Issam Younis, director of the Al-Mezan Centre for Human Rights in Gaza. “The president needs to endorse a death sentence and, as you know, they do not consider Abbas to be the legitimate elected president, so there is no one with the authority to ratify a death sentence.”

The last judicially sanctioned executions in Gaza were carried out in the summer of 2005, prior to the Hamas takeover, when four men were hanged in Gaza’s central prison and one was killed by a firing squad at Gaza’s police headquarters.

Following the Hamas takeover of the area, Hamas set up a law enforcement and judicial apparatus that has been repeatedly criticized by local and international human rights organizations for lacking accountability mechanisms and trained personnel.

“We do not feel that these people were given a fair trial in these courts for a number of reasons,” said Bill Van Esveld, a local researcher with Human Rights Watch. “What we hear is that you are not provided access to a lawyer in the military judicial system until after you have been interrogated, so one of many concerns is that evidence can be obtained through coercion. Also, eight or nine of the 16 who have been sentenced to death are Fatah-affiliated, and we haven’t seen any Hamas people convicted on the same charges.

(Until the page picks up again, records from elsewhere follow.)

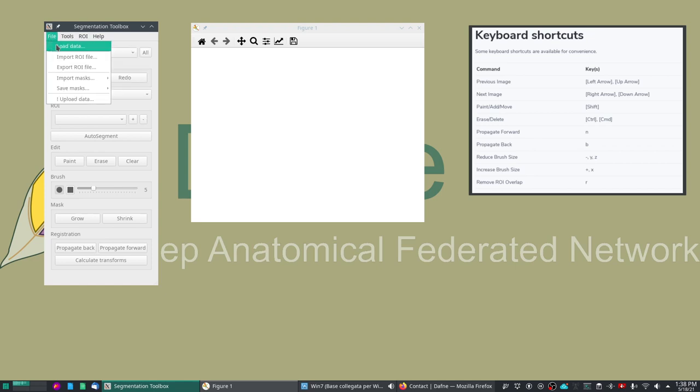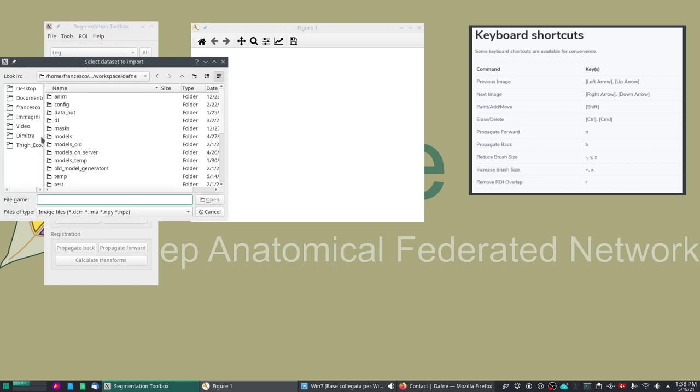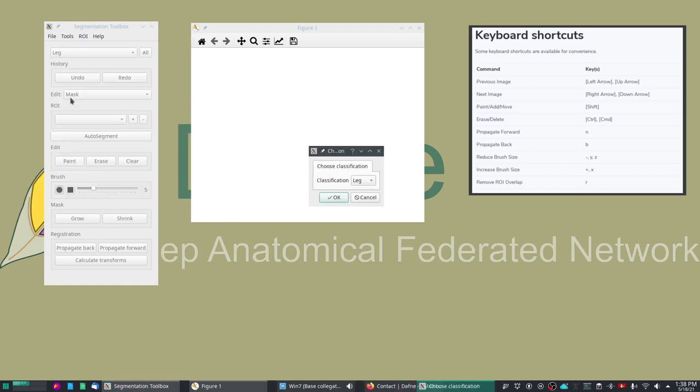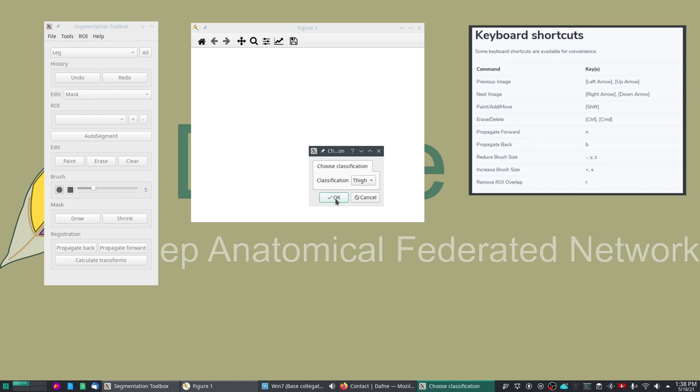So we'll start by loading data and we will start with the thigh dataset. As I mentioned we have the models for the segmentation of the thigh and of the leg. These datasets are available on the Daphne website as well in the demo page.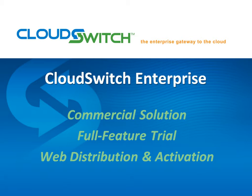Enterprise is CloudSwitch's commercial solution intended for organizations who want to move infrastructure into the cloud securely and efficiently. It is available in a free, fully functional trial format, and that can be acquired through our website.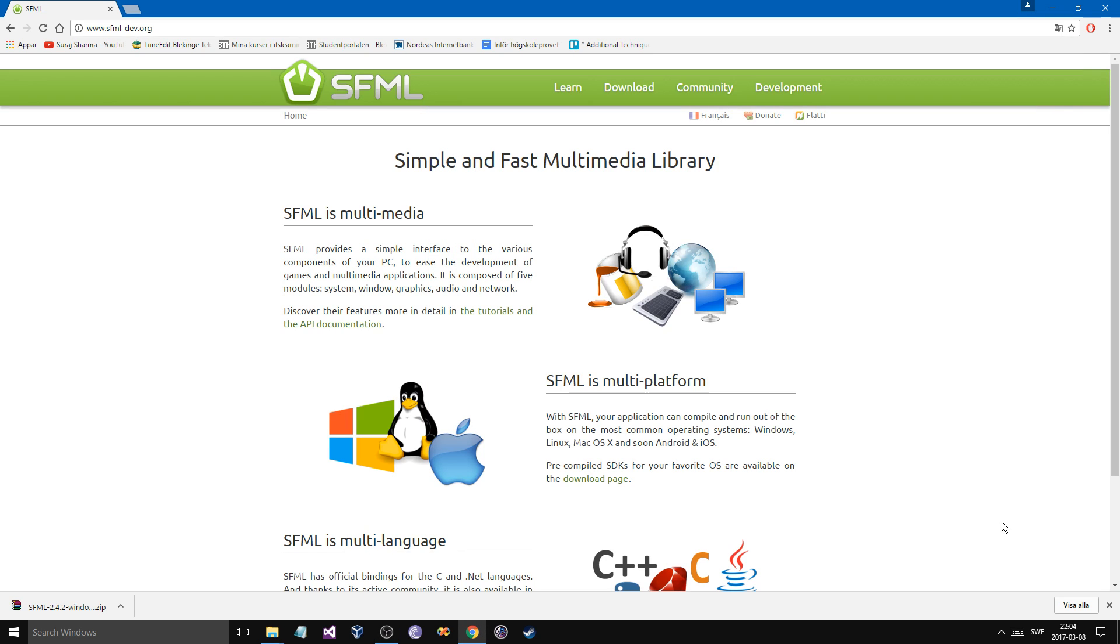Hey guys and girls, welcome back to another beautiful video on this beautiful channel. Today we're talking about SFML, which is based on OpenGL, a 3D programming API. And SFML is mainly made for 2D and stuff.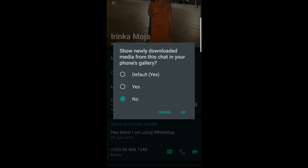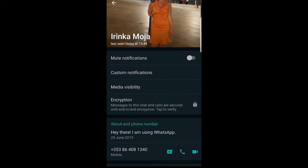As you can see, by default it says 'Yes', which means newly downloaded media from this chat will show in your phone's gallery. You click 'No' and click OK. Now images from this person will not be saved in your phone's gallery.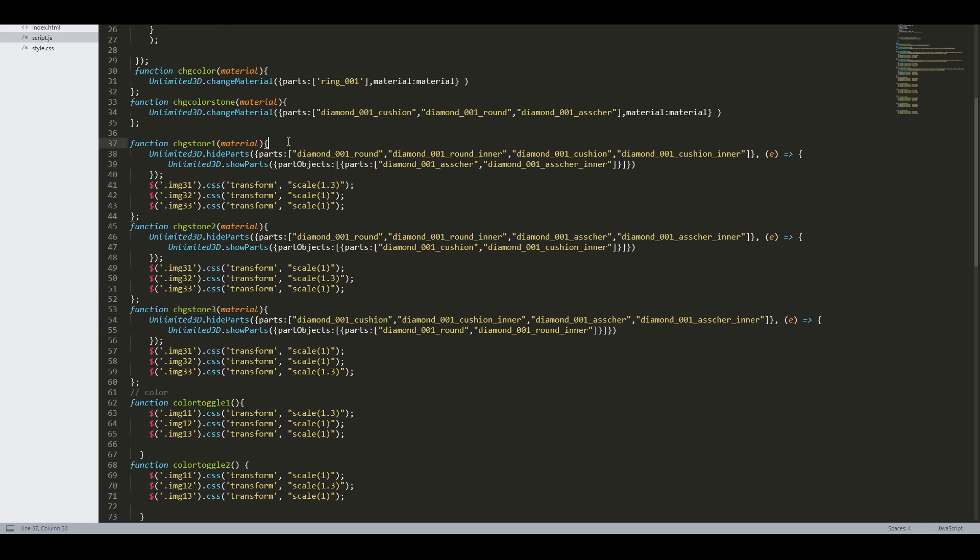The documentation for this API library function can be found in our API documentation.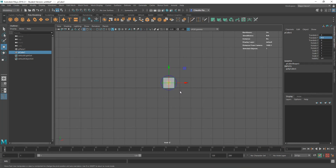I'm pressing the D key — D as in Diego — and keeping it pressed, then I'm going to press either the V key to snap to point, the C key to snap to curve, or the X key to snap to grid, depending on what I need. In this case, I need to snap to point, so I press V as in Victor. Both keys — D as in Diego and V as in Victor — are pressed, and I'm going to snap that pivot point to this corner.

“The last time they legally executed anyone was in 2005 and Hamas has never judicially executed anybody,” he said. “So this would be a real step backwards.”

The Palestinian death penalty is based on the PLO Revolutionary Penal Code of 1979. Palestinian human rights groups have argued that the code is unconstitutional, as it was never approved by a democratically elected body. International human rights groups point to the code’s vague wording. Article 165 of the code, for example, calls for the death penalty for “any crime that incites people or harms the prestige or reputation of the Palestinian revolution.”

“How could you defend yourself against such a charge?” asked Van Esveld. “Nobody knows what it means.”

Late last year, the Gaza government adopted an Egyptian law that would permit the execution of convicted drug dealers.

“We have the right to hasten the execution of those who are willing to kill their own people,” Abed said of the change in a public statement.

Younis argued that Hamas was unlikely to carry out the executions. “I don’t see it happening in the foreseeable future,” he said. “There is a major international focus on human rights issues in Gaza. In addition, according to the law, the president has to ratify a death sentence and, so far, beyond an interview on the radio, we have not seen any formal document or decree from the Gaza government’s Ministry of Interior saying they plan to execute someone. So we don’t have any real information and I doubt that they will actually go through with it.”